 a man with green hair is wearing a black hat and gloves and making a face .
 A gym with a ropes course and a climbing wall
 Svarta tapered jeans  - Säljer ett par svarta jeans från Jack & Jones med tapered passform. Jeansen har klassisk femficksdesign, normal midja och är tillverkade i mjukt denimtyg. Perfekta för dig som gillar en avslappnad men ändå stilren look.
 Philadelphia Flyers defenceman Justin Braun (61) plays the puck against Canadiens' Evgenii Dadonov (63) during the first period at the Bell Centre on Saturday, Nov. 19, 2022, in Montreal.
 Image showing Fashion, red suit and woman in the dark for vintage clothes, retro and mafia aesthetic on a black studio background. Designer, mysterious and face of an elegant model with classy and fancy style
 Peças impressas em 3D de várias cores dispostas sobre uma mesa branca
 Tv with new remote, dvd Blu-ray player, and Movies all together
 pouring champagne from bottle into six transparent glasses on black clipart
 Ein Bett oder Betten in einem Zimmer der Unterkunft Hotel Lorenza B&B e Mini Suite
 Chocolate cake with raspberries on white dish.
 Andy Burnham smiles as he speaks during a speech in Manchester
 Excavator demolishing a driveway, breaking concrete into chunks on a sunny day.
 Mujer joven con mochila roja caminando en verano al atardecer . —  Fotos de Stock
===============
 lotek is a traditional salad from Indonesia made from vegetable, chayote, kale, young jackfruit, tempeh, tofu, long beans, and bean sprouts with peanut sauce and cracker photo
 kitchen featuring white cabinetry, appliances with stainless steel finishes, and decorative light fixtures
===============
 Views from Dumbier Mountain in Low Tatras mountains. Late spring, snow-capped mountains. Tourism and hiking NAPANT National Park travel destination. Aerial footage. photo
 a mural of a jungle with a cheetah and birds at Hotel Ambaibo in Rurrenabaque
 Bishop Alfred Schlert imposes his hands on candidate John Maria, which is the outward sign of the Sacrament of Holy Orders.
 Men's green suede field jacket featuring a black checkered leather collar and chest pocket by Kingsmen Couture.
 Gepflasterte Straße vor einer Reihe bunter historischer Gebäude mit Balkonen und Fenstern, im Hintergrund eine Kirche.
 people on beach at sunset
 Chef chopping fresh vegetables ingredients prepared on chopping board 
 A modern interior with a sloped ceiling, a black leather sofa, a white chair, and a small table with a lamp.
===============
What is needed —
Given the records above, restate word for word only the lines starting at the one with "a man with green" and ending at the one with "Mujer joven con".

Response to the task —
 a man with green hair is wearing a black hat and gloves and making a face .
 A gym with a ropes course and a climbing wall
 Svarta tapered jeans  - Säljer ett par svarta jeans från Jack & Jones med tapered passform. Jeansen har klassisk femficksdesign, normal midja och är tillverkade i mjukt denimtyg. Perfekta för dig som gillar en avslappnad men ändå stilren look.
 Philadelphia Flyers defenceman Justin Braun (61) plays the puck against Canadiens' Evgenii Dadonov (63) during the first period at the Bell Centre on Saturday, Nov. 19, 2022, in Montreal.
 Image showing Fashion, red suit and woman in the dark for vintage clothes, retro and mafia aesthetic on a black studio background. Designer, mysterious and face of an elegant model with classy and fancy style
 Peças impressas em 3D de várias cores dispostas sobre uma mesa branca
 Tv with new remote, dvd Blu-ray player, and Movies all together
 pouring champagne from bottle into six transparent glasses on black clipart
 Ein Bett oder Betten in einem Zimmer der Unterkunft Hotel Lorenza B&B e Mini Suite
 Chocolate cake with raspberries on white dish.
 Andy Burnham smiles as he speaks during a speech in Manchester
 Excavator demolishing a driveway, breaking concrete into chunks on a sunny day.
 Mujer joven con mochila roja caminando en verano al atardecer . —  Fotos de Stock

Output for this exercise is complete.